How Microservices Work — From Monoliths to Independent Services
Every system starts as one thing. A single codebase, a single deployment, a single database. That is a monolith, and it is a perfectly good starting point. The question is what happens when the system grows.
What Is a Monolith?
A monolith is a single deployable unit. All the code — user authentication, order processing, inventory management, email sending — lives in one codebase, compiles into one binary (or one deployment artifact), and runs as one process. The database is shared. A change to any part requires deploying the entire system.
Monoliths are simple. One repository to clone, one build to run, one thing to deploy. Function calls between components are fast — no network, no serialization. Transactions span the entire database because there is only one.
The problems emerge at scale. When 40 engineers work in the same codebase, every merge is a coordination exercise. When one team needs to deploy a fix, they wait for everyone else's changes to be ready. When one component needs more capacity, you scale the entire monolith because you cannot scale a single function.
What Are Microservices?
Microservices decompose the system into small, independent services. Each service:
- Owns its data. The order service has its own database. The user service has its own database. No shared tables.
- Deploys independently. Shipping a fix to the order service does not require deploying the user service.
- Communicates over the network. Services call each other via REST, gRPC, or asynchronous messaging.
- Has a focused responsibility. One service does one thing well.
The word "micro" is misleading. The size of a service is not the point. What matters is independence — each service can be developed, deployed, and scaled without coordinating with the others.
When to Split
Splitting too early creates distributed system complexity before you need it. Splitting too late creates a monolith that is painful to untangle. Here are signals that a split is overdue:
Team size. When two teams change the same code frequently and step on each other, they need separate codebases. Conway's Law is real — system architecture follows team structure.
Deploy frequency. When one team wants to deploy five times a day and another deploys weekly, coupling their deployments slows the fast team.
Scaling needs.
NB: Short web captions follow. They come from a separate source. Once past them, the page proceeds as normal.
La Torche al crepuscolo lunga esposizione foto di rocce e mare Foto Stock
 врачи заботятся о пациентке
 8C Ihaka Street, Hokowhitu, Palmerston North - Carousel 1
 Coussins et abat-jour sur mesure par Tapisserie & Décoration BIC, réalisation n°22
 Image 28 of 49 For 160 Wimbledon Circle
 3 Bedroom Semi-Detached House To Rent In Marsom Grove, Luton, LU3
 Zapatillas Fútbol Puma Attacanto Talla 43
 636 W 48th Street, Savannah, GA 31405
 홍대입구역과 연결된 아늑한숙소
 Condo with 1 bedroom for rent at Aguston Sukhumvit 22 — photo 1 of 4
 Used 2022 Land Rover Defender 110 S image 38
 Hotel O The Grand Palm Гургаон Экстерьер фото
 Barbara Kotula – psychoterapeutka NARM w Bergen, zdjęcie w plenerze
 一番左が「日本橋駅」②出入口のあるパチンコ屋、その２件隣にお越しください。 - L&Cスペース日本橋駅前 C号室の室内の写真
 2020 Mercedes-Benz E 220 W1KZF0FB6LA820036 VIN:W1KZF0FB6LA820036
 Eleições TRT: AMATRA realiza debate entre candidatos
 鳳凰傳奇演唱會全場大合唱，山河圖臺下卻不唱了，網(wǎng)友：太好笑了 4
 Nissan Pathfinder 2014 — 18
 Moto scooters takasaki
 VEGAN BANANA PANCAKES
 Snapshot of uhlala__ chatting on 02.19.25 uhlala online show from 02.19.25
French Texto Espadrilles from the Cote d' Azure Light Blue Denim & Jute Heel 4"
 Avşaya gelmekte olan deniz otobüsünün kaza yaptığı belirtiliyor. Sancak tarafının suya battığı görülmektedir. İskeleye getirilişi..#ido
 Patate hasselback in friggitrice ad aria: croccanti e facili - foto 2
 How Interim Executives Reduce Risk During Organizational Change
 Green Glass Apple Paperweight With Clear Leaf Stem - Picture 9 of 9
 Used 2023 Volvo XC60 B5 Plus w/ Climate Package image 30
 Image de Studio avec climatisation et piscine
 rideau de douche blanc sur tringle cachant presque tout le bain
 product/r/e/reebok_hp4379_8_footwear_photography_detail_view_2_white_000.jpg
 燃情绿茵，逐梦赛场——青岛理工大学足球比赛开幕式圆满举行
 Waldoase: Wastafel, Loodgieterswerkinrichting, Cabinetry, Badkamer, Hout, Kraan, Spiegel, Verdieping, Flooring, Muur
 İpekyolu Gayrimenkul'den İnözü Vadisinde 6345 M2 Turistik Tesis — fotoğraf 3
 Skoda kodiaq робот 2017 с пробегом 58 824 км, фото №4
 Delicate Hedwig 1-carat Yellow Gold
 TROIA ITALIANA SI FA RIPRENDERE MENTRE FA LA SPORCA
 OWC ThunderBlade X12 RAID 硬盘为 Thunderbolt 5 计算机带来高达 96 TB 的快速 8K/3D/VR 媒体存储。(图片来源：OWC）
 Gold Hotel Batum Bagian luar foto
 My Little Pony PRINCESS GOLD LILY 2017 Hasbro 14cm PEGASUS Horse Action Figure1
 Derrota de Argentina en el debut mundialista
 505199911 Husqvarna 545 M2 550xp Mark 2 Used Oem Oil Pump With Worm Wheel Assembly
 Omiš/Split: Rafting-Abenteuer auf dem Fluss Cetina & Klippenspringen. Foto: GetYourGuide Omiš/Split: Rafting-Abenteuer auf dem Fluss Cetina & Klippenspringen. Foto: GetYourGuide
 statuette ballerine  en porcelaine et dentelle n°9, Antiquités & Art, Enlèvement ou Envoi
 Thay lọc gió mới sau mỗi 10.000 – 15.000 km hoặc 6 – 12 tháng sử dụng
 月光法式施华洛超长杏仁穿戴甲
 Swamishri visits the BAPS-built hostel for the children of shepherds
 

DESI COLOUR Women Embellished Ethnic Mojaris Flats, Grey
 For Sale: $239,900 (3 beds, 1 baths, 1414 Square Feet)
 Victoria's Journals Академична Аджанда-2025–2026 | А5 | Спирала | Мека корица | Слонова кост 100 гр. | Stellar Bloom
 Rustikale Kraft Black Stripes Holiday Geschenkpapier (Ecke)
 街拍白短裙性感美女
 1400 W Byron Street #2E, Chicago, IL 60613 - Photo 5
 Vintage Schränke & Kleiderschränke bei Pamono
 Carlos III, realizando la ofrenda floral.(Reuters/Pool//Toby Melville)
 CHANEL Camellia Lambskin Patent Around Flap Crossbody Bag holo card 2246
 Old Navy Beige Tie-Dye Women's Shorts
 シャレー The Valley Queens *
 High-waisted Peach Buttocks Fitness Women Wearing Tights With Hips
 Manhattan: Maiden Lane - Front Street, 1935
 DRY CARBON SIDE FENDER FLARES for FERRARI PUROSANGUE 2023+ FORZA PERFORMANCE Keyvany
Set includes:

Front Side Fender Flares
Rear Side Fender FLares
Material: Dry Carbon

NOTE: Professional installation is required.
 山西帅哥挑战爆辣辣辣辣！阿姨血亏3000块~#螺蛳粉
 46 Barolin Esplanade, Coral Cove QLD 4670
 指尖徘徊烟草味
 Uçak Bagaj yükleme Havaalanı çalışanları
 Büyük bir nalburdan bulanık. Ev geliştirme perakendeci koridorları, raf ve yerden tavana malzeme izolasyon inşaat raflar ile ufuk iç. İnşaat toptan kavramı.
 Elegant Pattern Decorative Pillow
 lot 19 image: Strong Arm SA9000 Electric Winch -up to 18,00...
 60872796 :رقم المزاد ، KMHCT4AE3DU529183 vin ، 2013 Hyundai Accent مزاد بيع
When the search component needs 20 instances but the admin panel needs one, scaling them together wastes resources.
Failure isolation. When a bug in the reporting module crashes the entire system including the checkout flow, separation prevents blast radius from spreading.
How to Draw Boundaries
The hardest part of microservices is deciding where one service ends and another begins. The principle comes from Domain-Driven Design: bounded contexts.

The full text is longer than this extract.